Short Chain fatty acids (SCFAs) are especially produced by microbial fermentation of dietary fibres in the colon. Propionate is a SCFA that has been shown to be involved in the regulation of food intake and to enhance satiety (Arora et al., “Propionate. Anti-obesity and satiety enhancing factor?”, 2011; Lin et al., “Butyrate and Propionate Protect against Diet-Induced Obesity and Regulate Gut Hormones via Free Fatty Acid Receptor 3-Independent Mechanisms”, 2012; Chambers et al, “Effects of targeted delivery of propionate to the human colon on appetite regulation, body weight maintenance and adiposity in overweight adults”, 2014; Canfora et al, “Short-chain fatty acids in control of body weight and insulin sensitivity”, Nat Rev. Endocrinol. 11, 577-591, 2015).
Increasing colonic propionate is therefore an attractive target for appetite modulation and weight management. However, orally administered SCFA are unpalatable and are rapidly absorbed in the small intestine. Specific delivery systems targeting the release of propionate in the proximal colon have therefore been developed for some studies. In Chambers et al, “Effects of targeted delivery of propionate to the human colon on appetite regulation, body weight maintenance and adiposity in overweight adults”, 2014, scientists have developed a particular carrier molecule whereby propionate is chemically bound by an ester bond to inulin, a natural polymer composed mainly of fructose. This inulin-propionate ester was chemically synthesised. The majority of propionate chemically bound to inulin should only be released when the inulin polymer is fermented by the colonic microbiota, thus providing targeted colonic delivery. However such a kind of carrier present some drawbacks, for example this type of chemically synthetized substances may face regulatory issues if used in compositions designed to infants or young children. This study was indeed designed to adults. Some more “natural” solutions, e.g. with ingredients found in breast milk, would therefore be preferred for an administration to infants or young children.
Alternative solutions more appropriate to infants and young children should therefore be developed.
Human milk oligosaccharides (HMOs) are, collectively, the third largest solid constituents in human milk, after lactose and fat. HMOs usually consist of lactose at the reducing end with a carbohydrate core that often contains a fucose or a sialic acid at the non-reducing end. There are over one hundred milk oligosaccharides that have been isolated and characterized in human milk.
Some compositions using HMO ingredients, such as fucosylated oligosaccharides, lacto-N-tetraose, lacto-N-neotetraose and/or sialylated oligosaccharides, have been described for different health purposes, mainly immune purposes.
However the use of HMOs to control food intake in an infant or a young child has not been explored yet.

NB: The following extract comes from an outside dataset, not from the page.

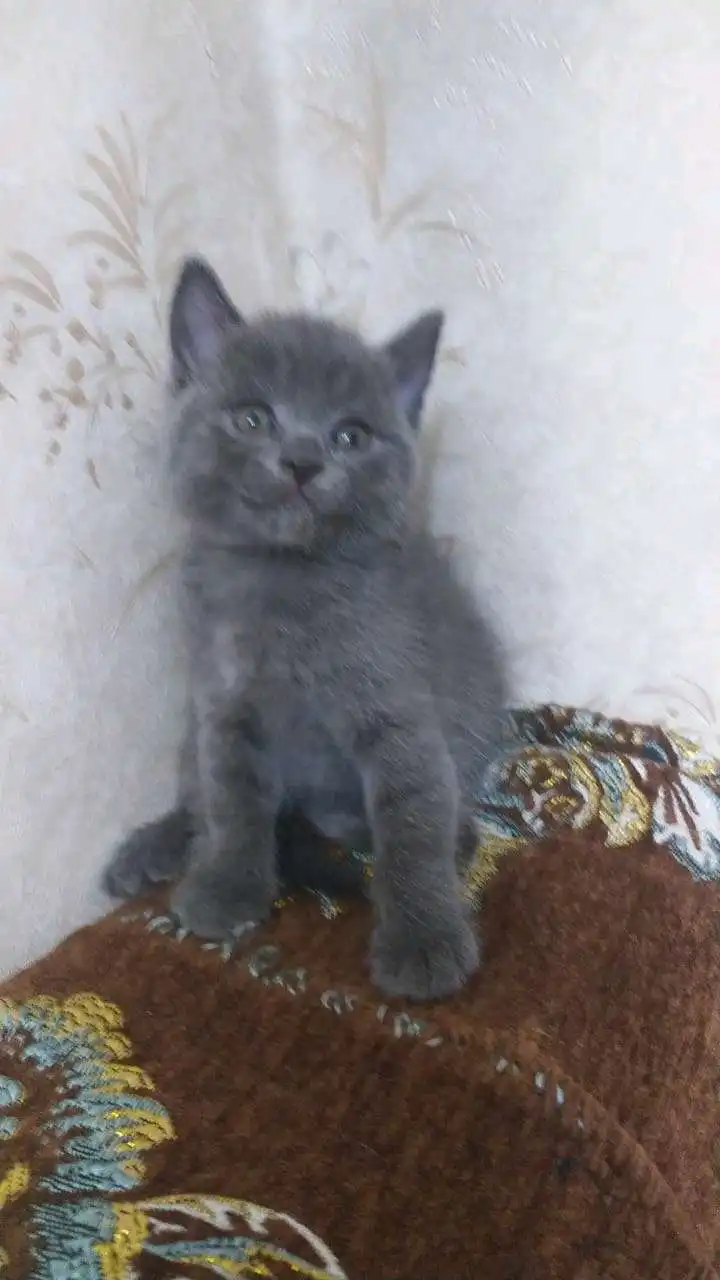 шотландский прямоухий котёнок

There was also a limited focus on the use of HMOs to promote a healthy growth, e.g. a rate of growth of the infant that is closer to the one obtained for breast-fed infants.
There is clearly a need for developing suitable methods for such health benefits in infants and young children.
There is also a need to deliver such health benefits in a manner that is particularly suitable for the young subjects (infants and young children), in a manner that does not involve a classical pharmaceutical intervention as these infants or young children are particularly fragile.
There is a need to deliver such health benefits in these infants or young children in a manner that does not induce side effects and/or in a manner that is easy to deliver, and well accepted by the parents or health care practitioners.
There is also a need to deliver such benefits in a manner that does keep the cost of such delivery reasonable and affordable by most.